LAFAYETTE — Ivy Tech Community College Lafayette and eight additional colleges in the Community College Alliance for Agriculture Advancement (C2A3) will receive $529,924 over the course of the next four years as part of a cooperative agreement issued by the U.S. Department of Agriculture Natural Resources Conservation Service.
The nine Midwestern community colleges that make up the alliance boast strong agricultural programs and traditions. The consortium was developed under a Memorandum of Understanding with the USDA-NRCS and USDA North Central Sustainable Agriculture Research and Education.
The main objective of the agreement is to realize a shared goal of ensuring quality education and training of field practitioners. By establishing a collaborative framework for cooperative activities, these partners will enhance and accelerate training and adoption of technologies and best practices for improved agricultural productivity and natural resources stewardship.
A key component of this agreement is hands-on learning in the field, utilizing college land resources to model best practices. Faculty and students will implement a conservation plan developed in cooperation with NRCS, install practices on the ground, collect data and help inform current and future producers and conservation professionals.

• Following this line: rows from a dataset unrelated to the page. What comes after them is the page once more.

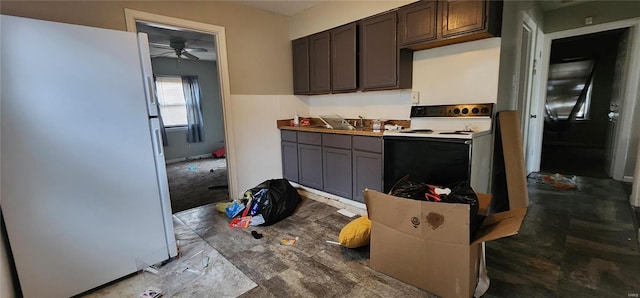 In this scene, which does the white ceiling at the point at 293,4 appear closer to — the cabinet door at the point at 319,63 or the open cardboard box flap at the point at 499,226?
the cabinet door at the point at 319,63

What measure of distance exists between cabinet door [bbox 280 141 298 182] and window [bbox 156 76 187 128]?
11.6 ft

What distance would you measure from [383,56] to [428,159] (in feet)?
3.88

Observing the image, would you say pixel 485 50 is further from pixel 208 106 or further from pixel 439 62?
pixel 208 106

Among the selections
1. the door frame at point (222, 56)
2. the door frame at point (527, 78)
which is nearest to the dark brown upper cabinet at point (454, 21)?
the door frame at point (527, 78)

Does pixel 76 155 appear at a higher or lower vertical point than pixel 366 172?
higher

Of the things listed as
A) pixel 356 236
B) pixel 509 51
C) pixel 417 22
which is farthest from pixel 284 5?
pixel 356 236

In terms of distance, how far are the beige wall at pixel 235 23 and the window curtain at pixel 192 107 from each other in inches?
129

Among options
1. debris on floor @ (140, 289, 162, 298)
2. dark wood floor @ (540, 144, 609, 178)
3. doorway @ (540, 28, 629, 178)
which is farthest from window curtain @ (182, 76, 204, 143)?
doorway @ (540, 28, 629, 178)

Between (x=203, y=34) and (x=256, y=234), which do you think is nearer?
(x=256, y=234)

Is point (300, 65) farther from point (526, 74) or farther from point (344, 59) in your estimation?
point (526, 74)

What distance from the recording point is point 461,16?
2311 mm

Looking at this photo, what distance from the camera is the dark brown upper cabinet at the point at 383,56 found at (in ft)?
9.13

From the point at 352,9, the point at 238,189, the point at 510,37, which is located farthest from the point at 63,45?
the point at 510,37

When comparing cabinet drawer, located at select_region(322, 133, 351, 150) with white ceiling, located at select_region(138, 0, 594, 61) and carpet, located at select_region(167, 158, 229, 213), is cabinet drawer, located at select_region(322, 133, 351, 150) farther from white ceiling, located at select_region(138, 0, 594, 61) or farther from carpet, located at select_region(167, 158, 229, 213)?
white ceiling, located at select_region(138, 0, 594, 61)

Ivy Tech Lafayette will utilize the funds from this agreement for equipment and staffing to implement conservation practices and measure key soil health data points. As one example, using a recently acquired Interseeder, Ivy Tech Lafayette students will be planting cover crops into early stage corn in several test plots.

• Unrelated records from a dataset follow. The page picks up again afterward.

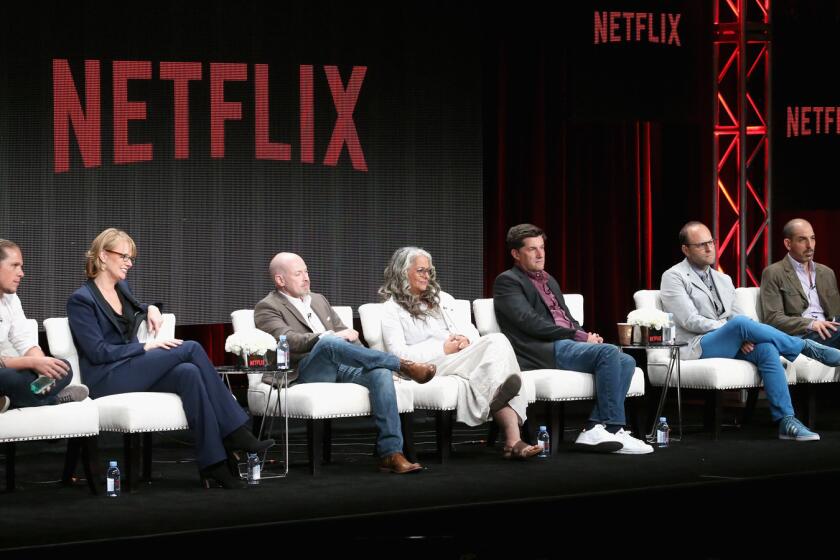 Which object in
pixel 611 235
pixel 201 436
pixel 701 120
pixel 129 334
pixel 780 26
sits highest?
pixel 780 26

The goal is not only to accelerate the adoption of conservation practices through the education of current, two-year agriculture students, but to also disseminate information to the broader community through field days and other college events and partnerships.

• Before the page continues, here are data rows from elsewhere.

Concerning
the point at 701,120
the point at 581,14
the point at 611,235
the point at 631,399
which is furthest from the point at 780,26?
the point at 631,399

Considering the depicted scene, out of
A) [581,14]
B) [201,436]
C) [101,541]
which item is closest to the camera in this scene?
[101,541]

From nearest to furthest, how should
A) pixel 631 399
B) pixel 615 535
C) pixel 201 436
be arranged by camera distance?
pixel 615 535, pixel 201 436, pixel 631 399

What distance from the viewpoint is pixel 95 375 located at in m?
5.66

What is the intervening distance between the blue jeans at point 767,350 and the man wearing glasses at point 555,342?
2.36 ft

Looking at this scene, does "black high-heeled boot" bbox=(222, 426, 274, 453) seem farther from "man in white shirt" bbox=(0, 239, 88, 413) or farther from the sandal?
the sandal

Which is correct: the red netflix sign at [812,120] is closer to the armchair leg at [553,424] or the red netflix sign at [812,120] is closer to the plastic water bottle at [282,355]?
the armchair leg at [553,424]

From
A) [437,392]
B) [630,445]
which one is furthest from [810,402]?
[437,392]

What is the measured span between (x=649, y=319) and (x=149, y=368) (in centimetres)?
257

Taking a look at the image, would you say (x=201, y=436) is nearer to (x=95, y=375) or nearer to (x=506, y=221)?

Ivy Tech Lafayette will host field days, inviting the community to observe the results of the cover crop trials and to hear from experts about best practices in the use of cover crops.
The C2A3 collaboration was born out of a mutual desire to provide more ongoing education, training and demonstration to future farm producers and agricultural service providers with the goal of improving the health, and therefore the long–term productivity, resilience and sustainability of the soil.
According to Jerry Raynor, Indiana NRCS State Conservationist, “Indiana NRCS is excited to partner with Ivy Tech Lafayette to push our understanding of soil health management systems to higher levels with a new group of students, farmers, and conservation professionals alike. Ivy Tech’s ability to dedicate their farm, faculty. and students will be a huge benefit to evaluating the various ways that Indiana farmers can manage their land.”
In addition to working together on applied research projects that advance student learning on their college farms, member institutions partner with one another to share resources, faculty expertise, curriculum and tools which will advance the future of agriculture production in this country.